I guess the UEFI problem will eventually be solved, but for some of the more obscure hobby OSes, it may be a long wait.  I don't think  NetBSD has tackled the problem yet, but I'm not sure about that.  FreeBSD and Linux seem to be the choices now.  For a BIOS system, one can always retreat a few years, and try to find a good deal on a liquidation of older boards like the 800 MHz Vortex86DX.  IIRC those boards usually came with an AMI SPI flash BIOS, and I have read somewhere (I think) that they worked with older versions of FreeBSD (7/8).  Also - the power consumption (my main concern) - is about two watts on those older CPUs.
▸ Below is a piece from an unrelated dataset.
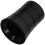 Capuchon Levier Aluminium Cnc Noir 1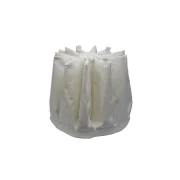 Nilfisk Stjernefilter L-klasse D400, VHS 120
Edit 10/26: I managed to find a good deal on one of the older (2007) Vortex86DX boards.  It has 1x16 GPIO, three serial ports, three USB2, 1 RS485, LVDS, 1 parallel port, VGA, IDE, i586 BIOS, 512 RAM, 800 MHz, JTAG, audio stereo (in _and_ out),  three wired ethernet ports, and seems to work fine with the FreeBSD-10.2 i386 CD running on a USB/CD/DVD drive.  For some reason, it doesn't yet boot on a stick, but haven't played too much with it yet.  The power supply is a 5V, 2A wall wart, which is only a little warm after a half hour.  It's about 6 x 4 inches in size.  The trick now will be to find drivers to work with it (like GPIO) ... probably those have to come from Linux, and ported.  Supposedly it'll run XP, but I'd never do that.

In any case, this one won't be an adornment on the bottom of my junk drawer (voice of experience)!


----------